For many anglers, fishing is a hobby. Or a passion. Or a lifestyle. Or an obsession.
It’s many things to many fishermen, yet, it doesn’t come without it’s fair share of frustration.
One day you have it all figured out… the next day… the fish remind you that you don’t know squat.
This can happen over the course of a year, a month, a week… and yes, even a single day.
The presentation or location that was productive in the morning can turn off as the sun shifts in the sky, as the weather changes, water temps cool or heat up… or as the snacks & beverages run dry…
Why does this happen?
Well, you see, the fish… they do what they want. We’re simply chasing them. Hunting them. We’re a step behind. We’re guests in their homes. It’s not the other way around.
So bad days, they happen. A skunk, days with no fish… yup. Happens. If it hasn’t happened to you lately, it will. It’s just a matter of time.
Accept it, but even more than that… embrace it.
If we didn’t have the bad days, the good days wouldn’t be special.
The days where you can throw anything at the water, make as much noise as you want, stomp around hooting and hollering with your wife or buddies or kids – those days would just be normal.
Normal isn’t memorable.
Normal is boring.
When you find yourself in the middle of a day where extraordinary things are happening, pause for just a second. Reflect. Drink it all up. Lock it in the memory bank.
These days don’t happen often, and they should be treasured.
This week, consider this:
1. The frustration of fishing will help you become a better angler, so you can help friends & family succeed.
Trial and error can be an extremely effective teacher.
When fishing, success and failure are in your hands to a certain extent – but not completely. There are many external factors that will have an impact on your day-to-day fishing trips.
In time, you will learn what many of these factors are. You will gain experience and knowledge that you can share.
If you have buddies, a spouse, or most importantly – children – it’s this knowledge that will help you put them on fish faster, which in turn allows you to guide them towards the cultivation of a true love for the sport.

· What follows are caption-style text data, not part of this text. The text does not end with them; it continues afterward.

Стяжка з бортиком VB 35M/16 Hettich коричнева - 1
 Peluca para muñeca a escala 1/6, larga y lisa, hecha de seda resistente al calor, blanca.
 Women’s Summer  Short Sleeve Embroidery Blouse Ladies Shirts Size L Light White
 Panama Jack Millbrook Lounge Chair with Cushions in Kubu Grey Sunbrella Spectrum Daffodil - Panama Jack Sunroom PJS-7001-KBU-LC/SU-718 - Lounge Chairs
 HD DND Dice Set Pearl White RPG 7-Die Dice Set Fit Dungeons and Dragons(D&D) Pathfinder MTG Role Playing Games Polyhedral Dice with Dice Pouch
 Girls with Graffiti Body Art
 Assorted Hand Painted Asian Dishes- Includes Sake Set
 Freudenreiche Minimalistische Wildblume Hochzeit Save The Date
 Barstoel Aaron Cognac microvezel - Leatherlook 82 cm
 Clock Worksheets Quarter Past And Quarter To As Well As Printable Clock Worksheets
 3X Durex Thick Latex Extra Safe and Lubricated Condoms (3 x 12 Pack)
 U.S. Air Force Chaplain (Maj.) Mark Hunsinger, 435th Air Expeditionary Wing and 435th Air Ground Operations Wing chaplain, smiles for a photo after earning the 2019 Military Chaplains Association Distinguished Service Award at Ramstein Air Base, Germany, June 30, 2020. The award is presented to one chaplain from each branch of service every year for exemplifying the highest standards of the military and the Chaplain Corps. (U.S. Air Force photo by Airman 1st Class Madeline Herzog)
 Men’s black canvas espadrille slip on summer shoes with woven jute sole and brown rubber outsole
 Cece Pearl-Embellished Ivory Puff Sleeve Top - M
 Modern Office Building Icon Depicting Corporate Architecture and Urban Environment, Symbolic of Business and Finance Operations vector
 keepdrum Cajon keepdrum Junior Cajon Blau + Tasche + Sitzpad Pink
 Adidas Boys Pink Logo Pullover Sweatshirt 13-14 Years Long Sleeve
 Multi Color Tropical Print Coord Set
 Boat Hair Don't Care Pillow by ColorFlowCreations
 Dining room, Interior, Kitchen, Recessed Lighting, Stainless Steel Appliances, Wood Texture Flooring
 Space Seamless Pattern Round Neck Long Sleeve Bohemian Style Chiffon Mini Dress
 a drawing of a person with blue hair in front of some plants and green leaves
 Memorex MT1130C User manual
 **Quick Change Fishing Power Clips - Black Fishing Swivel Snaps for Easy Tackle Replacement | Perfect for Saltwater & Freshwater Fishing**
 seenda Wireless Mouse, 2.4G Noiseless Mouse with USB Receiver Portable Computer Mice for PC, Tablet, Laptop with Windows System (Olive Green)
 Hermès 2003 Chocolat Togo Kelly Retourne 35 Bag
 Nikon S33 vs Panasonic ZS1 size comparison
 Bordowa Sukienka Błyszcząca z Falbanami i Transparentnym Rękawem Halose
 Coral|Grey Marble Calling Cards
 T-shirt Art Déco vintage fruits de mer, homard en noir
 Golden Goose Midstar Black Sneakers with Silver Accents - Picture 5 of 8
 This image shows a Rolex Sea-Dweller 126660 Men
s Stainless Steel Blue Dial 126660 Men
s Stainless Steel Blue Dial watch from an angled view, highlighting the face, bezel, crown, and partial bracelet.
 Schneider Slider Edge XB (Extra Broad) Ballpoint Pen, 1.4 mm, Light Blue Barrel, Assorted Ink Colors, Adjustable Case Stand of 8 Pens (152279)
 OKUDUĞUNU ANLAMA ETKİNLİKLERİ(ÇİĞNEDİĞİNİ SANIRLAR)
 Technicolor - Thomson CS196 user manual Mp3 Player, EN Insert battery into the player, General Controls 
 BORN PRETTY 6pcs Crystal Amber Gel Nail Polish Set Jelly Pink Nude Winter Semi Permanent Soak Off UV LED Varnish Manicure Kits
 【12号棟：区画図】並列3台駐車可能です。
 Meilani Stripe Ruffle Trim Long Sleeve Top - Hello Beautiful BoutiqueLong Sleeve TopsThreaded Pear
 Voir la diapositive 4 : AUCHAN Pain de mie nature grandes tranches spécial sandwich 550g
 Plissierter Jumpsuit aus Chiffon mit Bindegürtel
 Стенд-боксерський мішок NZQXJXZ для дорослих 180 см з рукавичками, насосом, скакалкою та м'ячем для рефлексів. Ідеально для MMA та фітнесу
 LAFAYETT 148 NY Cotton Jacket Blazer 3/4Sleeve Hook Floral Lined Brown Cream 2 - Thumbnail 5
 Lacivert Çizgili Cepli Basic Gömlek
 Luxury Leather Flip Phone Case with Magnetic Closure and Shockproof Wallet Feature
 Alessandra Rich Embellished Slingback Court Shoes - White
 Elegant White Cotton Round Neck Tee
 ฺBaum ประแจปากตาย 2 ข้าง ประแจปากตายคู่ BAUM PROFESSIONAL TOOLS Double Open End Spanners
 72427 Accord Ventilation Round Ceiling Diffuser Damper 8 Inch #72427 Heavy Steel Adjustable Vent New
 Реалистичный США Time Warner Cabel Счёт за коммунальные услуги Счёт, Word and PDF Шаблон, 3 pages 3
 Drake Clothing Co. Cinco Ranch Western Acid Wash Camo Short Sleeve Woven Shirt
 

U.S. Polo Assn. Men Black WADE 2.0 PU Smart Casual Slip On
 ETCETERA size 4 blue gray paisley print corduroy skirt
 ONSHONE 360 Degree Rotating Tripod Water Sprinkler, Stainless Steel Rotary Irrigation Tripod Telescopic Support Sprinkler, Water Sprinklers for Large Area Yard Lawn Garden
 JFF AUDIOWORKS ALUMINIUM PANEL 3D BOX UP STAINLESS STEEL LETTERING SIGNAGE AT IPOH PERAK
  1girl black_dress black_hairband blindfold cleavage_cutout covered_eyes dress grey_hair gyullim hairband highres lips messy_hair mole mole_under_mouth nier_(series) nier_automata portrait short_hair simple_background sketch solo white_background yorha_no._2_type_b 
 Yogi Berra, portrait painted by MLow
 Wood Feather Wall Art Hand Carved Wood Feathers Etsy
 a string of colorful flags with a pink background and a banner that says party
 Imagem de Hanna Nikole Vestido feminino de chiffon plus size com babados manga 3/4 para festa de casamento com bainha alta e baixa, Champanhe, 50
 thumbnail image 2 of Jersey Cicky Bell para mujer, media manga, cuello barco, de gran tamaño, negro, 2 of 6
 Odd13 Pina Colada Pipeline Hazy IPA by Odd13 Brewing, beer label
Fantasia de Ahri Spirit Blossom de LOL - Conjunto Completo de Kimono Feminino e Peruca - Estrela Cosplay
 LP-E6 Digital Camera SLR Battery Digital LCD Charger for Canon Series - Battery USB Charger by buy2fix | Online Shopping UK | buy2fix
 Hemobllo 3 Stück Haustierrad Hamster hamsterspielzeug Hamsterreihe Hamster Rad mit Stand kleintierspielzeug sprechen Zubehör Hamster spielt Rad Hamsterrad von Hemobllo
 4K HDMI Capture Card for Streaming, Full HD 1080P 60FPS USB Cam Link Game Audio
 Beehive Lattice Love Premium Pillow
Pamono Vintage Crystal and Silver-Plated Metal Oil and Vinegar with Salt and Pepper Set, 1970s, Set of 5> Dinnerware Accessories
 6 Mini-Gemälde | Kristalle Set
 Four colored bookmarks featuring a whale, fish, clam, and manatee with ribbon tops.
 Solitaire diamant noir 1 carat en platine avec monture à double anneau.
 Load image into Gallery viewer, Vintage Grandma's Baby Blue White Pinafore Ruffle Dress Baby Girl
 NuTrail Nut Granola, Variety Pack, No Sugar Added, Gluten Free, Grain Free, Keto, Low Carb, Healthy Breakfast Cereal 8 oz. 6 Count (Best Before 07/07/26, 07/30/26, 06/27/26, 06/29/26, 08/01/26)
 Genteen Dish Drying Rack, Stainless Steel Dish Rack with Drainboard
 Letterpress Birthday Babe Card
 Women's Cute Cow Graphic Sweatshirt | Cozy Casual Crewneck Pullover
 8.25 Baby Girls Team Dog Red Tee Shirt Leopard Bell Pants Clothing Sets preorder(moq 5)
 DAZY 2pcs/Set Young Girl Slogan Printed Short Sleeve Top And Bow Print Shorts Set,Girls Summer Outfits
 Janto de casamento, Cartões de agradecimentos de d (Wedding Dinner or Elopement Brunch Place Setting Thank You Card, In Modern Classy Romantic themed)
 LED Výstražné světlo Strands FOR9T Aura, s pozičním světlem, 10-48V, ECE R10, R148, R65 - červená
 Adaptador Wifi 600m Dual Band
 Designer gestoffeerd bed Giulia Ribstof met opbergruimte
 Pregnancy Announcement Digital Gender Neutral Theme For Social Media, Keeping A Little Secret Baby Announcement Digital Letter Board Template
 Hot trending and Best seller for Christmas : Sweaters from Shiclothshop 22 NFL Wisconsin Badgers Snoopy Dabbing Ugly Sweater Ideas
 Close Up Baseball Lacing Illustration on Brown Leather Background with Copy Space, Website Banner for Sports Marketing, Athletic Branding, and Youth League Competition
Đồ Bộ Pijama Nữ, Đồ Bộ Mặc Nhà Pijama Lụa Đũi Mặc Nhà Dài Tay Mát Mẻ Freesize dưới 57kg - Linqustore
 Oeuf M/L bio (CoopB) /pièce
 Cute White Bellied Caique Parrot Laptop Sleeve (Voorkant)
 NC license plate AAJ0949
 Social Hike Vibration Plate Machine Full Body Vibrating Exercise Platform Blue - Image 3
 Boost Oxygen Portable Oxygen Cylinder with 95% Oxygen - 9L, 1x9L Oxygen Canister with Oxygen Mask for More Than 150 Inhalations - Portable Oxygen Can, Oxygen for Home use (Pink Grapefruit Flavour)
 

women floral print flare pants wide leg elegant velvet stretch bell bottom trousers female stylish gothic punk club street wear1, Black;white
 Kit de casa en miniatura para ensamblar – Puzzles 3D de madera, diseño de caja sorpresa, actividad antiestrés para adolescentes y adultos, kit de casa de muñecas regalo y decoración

So you do your reps ahead of time. You take your licks. You get knocked down, beat up, chewed on and spit out. Do this, and learn more so you can help others avoid similar heartbreak as much as possible, especially early on in their fishing journey.
In time, they will experience plenty of this frustration on their own… and they will also learn that frustration is good. But, to start, use your hard-earned knowledge to create happy memories that they will cherish (and hopefully chase) for the rest of their lives.
2. The frustration will show your children that failure is not an ending, just an obstacle.
We don’t quit. Ever.
Failure is not an ending, just an obstacle.
As Dad, as Mom… if you don’t want to raise quitters, whiners, losers… you need to set the example. You need to show your kids that when things get tough, the answer is never submission. We don’t throw in the towel or look for something easier.
We work hard, make adjustments, and get better.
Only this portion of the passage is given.